The response JSON can be of two kinds namely Paco Event JsonFormat and Explicit Projection JSON Format . The Data Query tool looks at the value for the Select component of the request JSON to determine the kind of response format. If the value of 'Select' component is '*', then the Data Query tool sends all the events in the PacoEvent JSON Format. If the value of 'Select' component is anything else, then the Data Query tool sends all the events in the Explicit Projection JSON Format.

Response Formats

Paco Event JSON Format: This format gives most of the information that has been captured for each event.

	{
    		"id": 612992,
		"experimentId": 47154748,
    		"who": "[email protected]",
    		"when": 1477612800000,
    		"appId": "Android",
    		"pacoVersion": "4.2.23",
    		"experimentName": "GetByQuery Test",
		"experimentGroupName": "New Group",
    		"responseTime": 1477587600000,
    		"experimentVersion": 13,
    		"timezone": "-07:00",
    		"actionTriggerId": 0,
    		"actionTriggerSpecId": 0,
    		"actionId": 0,
    		"joined": true,
    		"sortDate": "2016-10-28",
    		"missedSignal": false,
    		"emptyResponse": false,
    		"responses": [
        		{
            			"name": "color",
            			"answer": "red"
        		},
        		{
            			"name": "Form Duration",
            			"answer": "11"
        		}
    		]
	}

Explicit Projection JSON Format: This format helps the researcher decide the format in which they would want the response.

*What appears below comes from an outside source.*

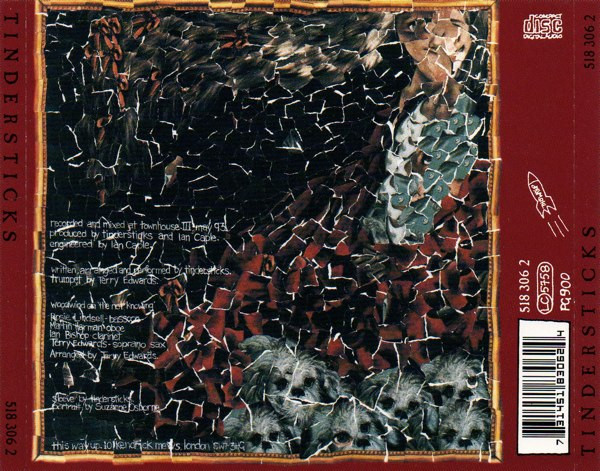 Tindersticks - Tindersticks (CD, Album)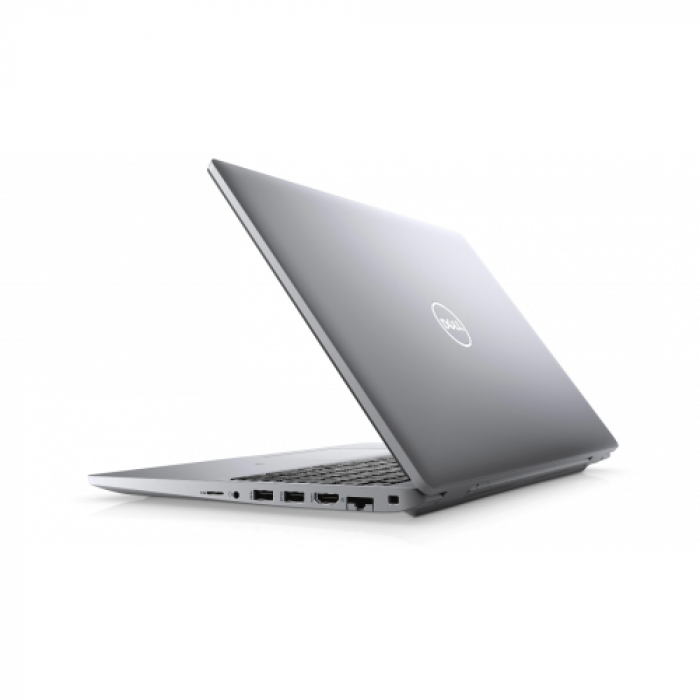 Laptop Dell Latitude 5520, Intel Core i5-1145G7, 15.6inch, RAM 16GB, SSD 512GB, Intel Iris Xe Graphics, Windows 11 Pro, Gray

Eg: To view only the experiment name and experiment version for all users

	{
 	   "experiment_name": "GetByQuery Test",
    	   "experiment_version": 16,
    	   "who": "[email protected]"
	}

The intent and purpose of this Data Query tool is in very close resemblance to the select query in SQL. Hence the request format of this tool is loosely based on the select SQL Query clauses. We can see how each of the features of this tool map to the request component in the request JSON which is then mapped to the SQL select query clauses here .

Query->Criteria

Query Criteria and Query Values should always be present. Experiment Id is one of the conditions that is mandated on any kind of Data Query request. So, let us start from a very minimal example and try to filter the data with respect to one particular experiment, whose unique id is 123.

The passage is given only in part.